Overview of the Report
At the beginning of the report, the OPC reiterates that a security compromise or privacy breach does not necessarily mean that PIPEDA has been violated. This premise is similar to the judgment of the Federal Court in Townsend v Sun Life Financial1 where it was held that, despite Sun Life breaching the privacy of Mr. Townsend, it did not breach PIPEDA because its disclosure of personal information was minimal, Mr. Townsend suffered little to no harm as a result of the disclosure, and Sun Life promptly took steps to correct its policies and procedures. Rather, the OPC’s conclusion on whether a contravention occurred depended on whether ALM had, at the time of the data breach, implemented safeguards appropriate to the sensitivity of the information it held. Thus, organizations who have experienced a data breach or who have disclosed personal information without consent have not necessarily failed to meet their obligations under PIPEDA; the OPC will perform a contextual analysis to determine whether a violation has occurred.
Organizations should also be aware that the OPC has set a high standard for organizations that collect sensitive personal information. These onerous requirements include: robust and documented information security policies and procedures, intrusion detection, security information, and event management systems, regular and documented risk assessments, company-wide security training for employees, setting minimum and maximum time periods for information retention, fully expunging user information from deactivated and inactive accounts, taking steps to ensure the accuracy of information collected, and providing prospective users with any information that would be material to their decision to provide their personal information.
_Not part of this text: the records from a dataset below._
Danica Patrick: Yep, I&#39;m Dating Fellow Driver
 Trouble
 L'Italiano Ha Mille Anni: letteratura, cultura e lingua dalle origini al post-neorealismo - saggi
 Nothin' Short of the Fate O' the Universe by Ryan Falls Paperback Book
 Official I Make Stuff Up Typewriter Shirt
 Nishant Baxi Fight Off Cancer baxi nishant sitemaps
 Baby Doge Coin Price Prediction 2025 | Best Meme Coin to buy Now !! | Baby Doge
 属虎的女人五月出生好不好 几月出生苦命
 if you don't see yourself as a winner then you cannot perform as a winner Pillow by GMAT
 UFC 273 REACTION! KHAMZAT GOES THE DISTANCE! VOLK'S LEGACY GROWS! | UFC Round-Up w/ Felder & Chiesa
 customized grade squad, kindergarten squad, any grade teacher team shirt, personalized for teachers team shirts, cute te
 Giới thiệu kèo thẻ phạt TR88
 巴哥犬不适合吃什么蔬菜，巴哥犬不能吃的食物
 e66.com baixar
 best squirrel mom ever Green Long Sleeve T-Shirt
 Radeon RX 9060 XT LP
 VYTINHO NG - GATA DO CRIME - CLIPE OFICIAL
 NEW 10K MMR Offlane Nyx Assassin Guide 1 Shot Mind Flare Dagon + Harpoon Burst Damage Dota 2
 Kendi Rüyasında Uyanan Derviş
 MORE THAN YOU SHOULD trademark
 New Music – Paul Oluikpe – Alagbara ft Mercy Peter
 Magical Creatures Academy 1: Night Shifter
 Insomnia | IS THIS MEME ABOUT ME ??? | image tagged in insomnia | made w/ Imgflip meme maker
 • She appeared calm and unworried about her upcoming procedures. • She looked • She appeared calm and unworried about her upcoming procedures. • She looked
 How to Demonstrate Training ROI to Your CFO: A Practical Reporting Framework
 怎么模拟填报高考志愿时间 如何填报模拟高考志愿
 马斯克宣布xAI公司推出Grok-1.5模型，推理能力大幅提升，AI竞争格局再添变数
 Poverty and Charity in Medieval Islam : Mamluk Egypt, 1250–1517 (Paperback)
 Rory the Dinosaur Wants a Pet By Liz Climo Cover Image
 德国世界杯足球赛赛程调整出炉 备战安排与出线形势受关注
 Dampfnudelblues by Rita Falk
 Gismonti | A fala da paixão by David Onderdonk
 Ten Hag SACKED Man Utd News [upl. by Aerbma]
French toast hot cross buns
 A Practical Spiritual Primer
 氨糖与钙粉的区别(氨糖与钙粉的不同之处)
Some of these key issues are discussed below.
Viewed in its entirety, this report serves as a warning to organizations that collect, use and disclose personal information that poor corporate governance on information security and failures to meet PIPEDA standards can attract serious legal, regulatory and commercial consequences.
The PIPEDA Standard for Safeguarding Personal Information
The level of protection required by PIPEDA to be afforded to personal information collected by organizations varies depending on the circumstances, including the nature and sensitivity of the information held. According to the OPC, an assessment of the required level of safeguards for any personal information given to an organization must take into account both the sensitivity of the data and the potential harm to individuals from unauthorized access, disclosure, copying, use or modification of it.
Organizations should be aware that the OPC’s definition of potential harm is broad, encompassing not only risk to individuals of financial loss, but also to their physical and social well-being, including potential impacts on relationships and reputational risks, embarrassment, or humiliation. Thus, when collecting personal information, organizations should consider the potential harm that disclosure of that information would cause and tailor their information security policies and procedures accordingly.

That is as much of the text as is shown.